初めてBirdlandを観劇したときに感じたポールのその後、それは死だった。
でも、時間の経過とともに、本質的な感覚は変わらないのだけれど、少しだけ違うのかもと思う部分も生まれた。
それは、死とは本当に無なのだろうか、ということだ。
マーニー(もしかしたらポールかもしれないけれど)の言葉を借りると、死んでしまうと人との会話もできなければ、ぬくもりを感じることもできない。不安で寒くて怖い。死んだら猫を飼うこともできない。一般的には確かにそうかもしれない。
しかし、ポールには違う部分もある。世界中の人々に愛される音楽を遺したという点だ。
世界中の人が、家で、学校で、旅先でポールの音楽を聴く。それは場所を超え、時に親から子へ、あるいは学問として世代を超えて伝えられていく。あらゆる音楽がネットワークを通じてデータベースに集約されている。

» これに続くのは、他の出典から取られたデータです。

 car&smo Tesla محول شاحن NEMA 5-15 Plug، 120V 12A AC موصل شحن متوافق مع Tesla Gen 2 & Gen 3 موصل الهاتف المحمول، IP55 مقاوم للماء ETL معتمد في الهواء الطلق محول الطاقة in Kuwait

それって、自分が創り出した音楽を通して、場所を問わず、時代も問わず、ある意味永遠の生を得ているのではないかと感じた。
芸術家って、時に命を削りながら自分の魂を作品に注ぎ込むようなところがあるんじゃないかなって思うんだけど。
ポールの音楽がある限り、ポールは生き続けているのではないかなって。そう思いました。
最後の場面のポールの言葉が気になっていた。
僕が見た世界を君が見れるようになるまで」みたいなニュアンスのやつ。
「君」がマーニーのことを指すのか、私たちのことを指すのか分からないけれど、そう考えると自分の中ではなんだかしっくりくるような気がした。
自分は物心ついてから大人になって一人暮らしをするまで、一人っ子だったこともあって家族に寄り添ってもらった記憶よりも、大人のエゴを押し付けられていた印象のほうが強かった。もちろん、そればかりではなく悪くない思い出もあるけれど。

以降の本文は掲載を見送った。